Beaumier exhibit to feature Lewis Cass expedition

With help from the Northern Michigan University swimming and diving team, the Beaumier U.P. Heritage Center installs a 30-foot replica voyageur canoe on loan from the La Compagnie Historical Society of Minnesota. It will be the centerpiece of the Center’s new exhibit, “Claiming Michigan: the 1820 Expedition of Lewis Cass.” The center expresses its appreciation to Heidi Voigt, head coach of the swimming and diving team, and her student-athletes for helping in the endeavor. (Photo courtesy of Isabelle Fritz, NMU communications and marketing)



Journal Staff Writer

MARQUETTE — The Beaumier U.P. Heritage Center at Northern Michigan University opened a landmark exhibition on the 1820 expedition of Lewis Cass on the Great Lakes today.

The exhibition, “Claiming Michigan: the 1820 Expedition of Lewis Cass,” will feature dozens of images, excerpts from journals, detailed narrative information and large format maps.

There will be an opening reception at 1 p.m. with hors d’oeuvres and light beverages.

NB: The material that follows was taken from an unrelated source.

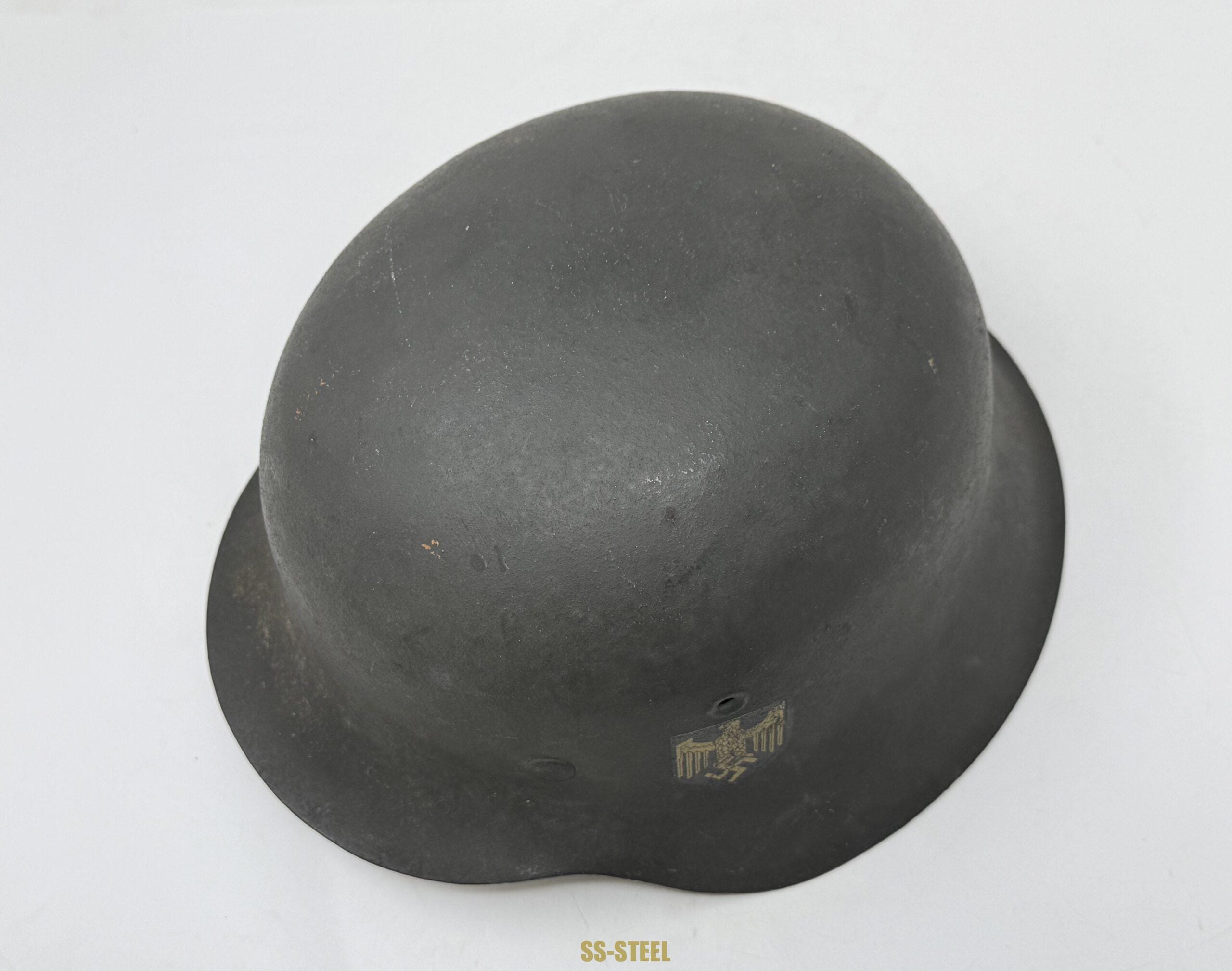 Kriegsmarine Single Decal M42 Helmet - Image 7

The exhibition and reception are free and open to the public.

“I think it’s something that a lot of people don’t have a memory of,” Beaumier Director/Curator Dan Truckey said. “It’s an expedition that took place 203 years ago.”

However, Truckey called it an important expedition.

“It really was the first sanctioned American expedition to the upper Great Lakes region and into what was known as the Michigan Territory at the time,” he said.

Even though it was technically part of the United States due to British treaties, Americans hadn’t really claimed it, he said.

“That’s exactly was Lewis Cass was doing,” Truckey said. “He was meeting with the Native American tribes and identifying or saying to them, ‘OK, we’re the new masters here. This is now our land. You’re going to answer to us.'”

The trip, he noted, also paved the way for further treaty negotiations.

According to NMU, in 1820, the governor of the Michigan Territory, Lewis Cass, and 35 companions participated in an expedition from Detroit to the farthest limits of what would become the states of Michigan, Minnesota and Wisconsin.

Everything they experienced had already been seen before by the region’s indigenous people and early European explorers, and without the assistance of their Anishinaabe guides, they would never have traveled to all the places they visited.

“In the end, the point of the expedition was not to discover but to claim the region for America and make their presence known,” NMU said on its website. “Less than six years after the War of 1812, America’s hold on the region was still tenuous. Along the way, they studied the landscape to determine what resources might benefit the United States in the future. Little did they or anyone else know the lasting impact this journey would have on the Great Lakes region, which within the next 30 years would see a boom of American settlement.”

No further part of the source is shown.